If you own a small business, developing a succession plan should be a critical element of your strategic planning. Unfortunately, many business owners fail to appreciate the complexities and time involved in successfully transitioning a business from one generation or group to another. Entangled in the day-to-day management of their companies, business owners often neglect succession planning to their detriment.
Transitions in business entities are usually triggered by retirement, sudden illness, mental incapacity, death or some other major life event. Failure to plan for that inevitable day puts at risk the survival of a business. For example, death or disability could disrupt your company's key systems if other individuals lack the knowledge or experience to lead the company in the absence of its original owners and managers. Additionally, as those in leadership age, they must consider whether they have sufficiently funded their retirement accounts so as to sustain them after they stop working. A business succession plan addresses these issues by identifying and implementing the strategies necessary to successfully transfer leadership from one individual or group to another. By carefully crafting a business succession plan you can facilitate the preparation necessary to ensure a smooth transition of the company's management.
To develop a sound plan, you must consider your desired exit strategy. There are several options available. Some business owners decide to keep ownership and management within the family. This option is often selected when one desires to nurture specific family values over time. If this situation arises, a transitioning owner should explicitly teach these values and current leadership should diligently assess which family members have the ability and interest to lead the company in the future. Whereas decisions concerning a successor may affect internal family dynamics, the choice to transition in this way should not be made without careful deliberation.

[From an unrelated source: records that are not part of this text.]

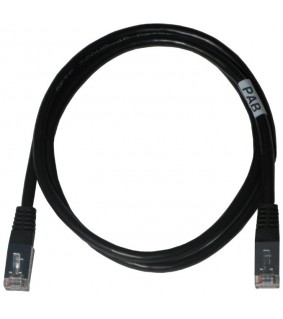 PAB-Kabel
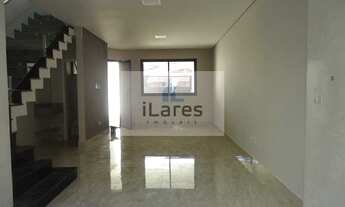 Imagem 4: Sobrado com 3 dorms, Assunção, São Bernardo do Campo - R$ 1.15 mi, Cod: 2986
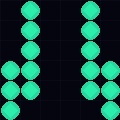 46.149.26.152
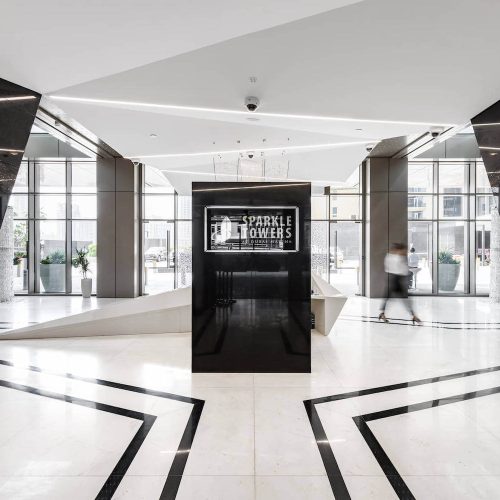 Mimar-Projects-ND24-Sparkle-Towers-Marveled-by-Swarovski-Section-3-Stacked-2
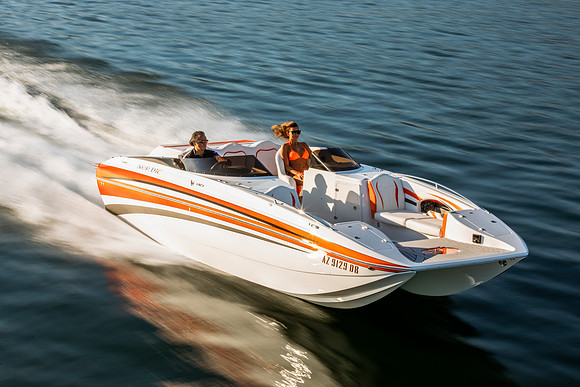 speedboat-evaluations-2024-tom-leigh-0649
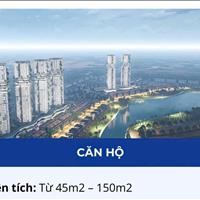 💎 Eco Reatreat Long An - Đem cả thiên nhiên vào ngôi nhà của bạn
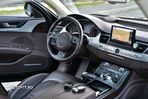 Audi A8 4.2 TDI Quattro Tiptronic - 36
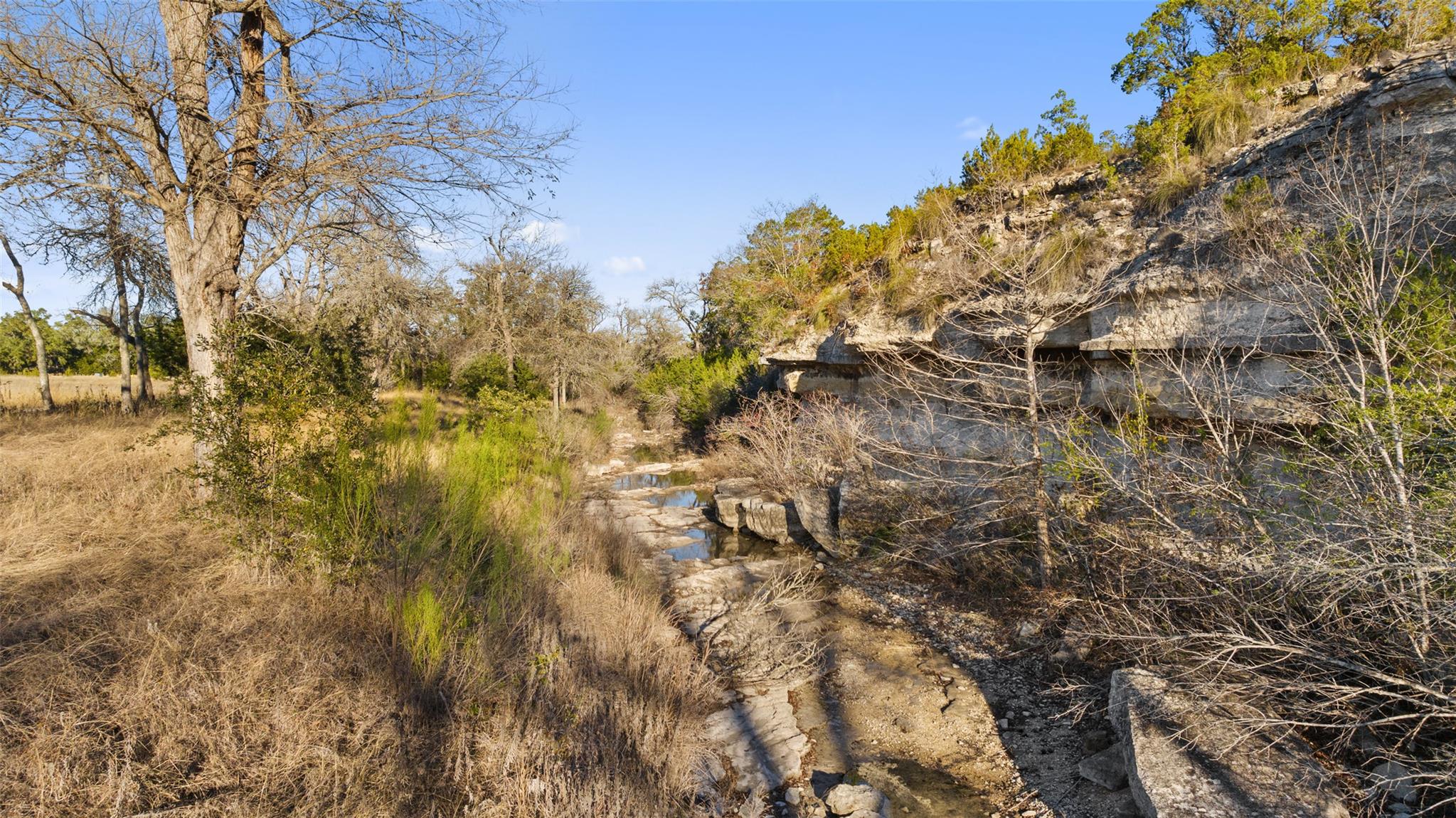 Lot 25 Mesa Ranch Rd, Dripping Springs, TX 78620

In other instances, business owners may choose to pass leadership to a key employee who fully grasps the nature of the business. When a company's leadership opts for this transition strategy, it is important to determine what, if any, additional training and development the successor employee may need in order to usher the company into its next stage. Another important consideration is ensuring that the employee has the financial ability to purchase the business. As the current owner, you may have to assist the employee in securing the financing necessary to buy the business.
Another strategy is to sell the business to an unrelated third party. An objective external party may be able to make better decisions regarding the future of the business due to its unbiased point of view. It should be noted that challenges may arise between the successor and older employees who are not acclimated to the new leadership style. Although such tension could result in high turnover during the transition period, with proper preparation and support the new leadership and older staff should be able to successfully adapt to one another over time.
Finally, business owners can choose to pursue a hybrid option where management is turned over to a key employee while the family retains full or partial ownership. This strategy allows the family to maintain financial rights as well as top-level decision-making power, while preserving the most qualified candidates to manage the business.
Each of these options presents its own benefits and challenges and must be chosen well in advance. Early and careful analysis of the various options will allow owners the time needed to prepare their successors.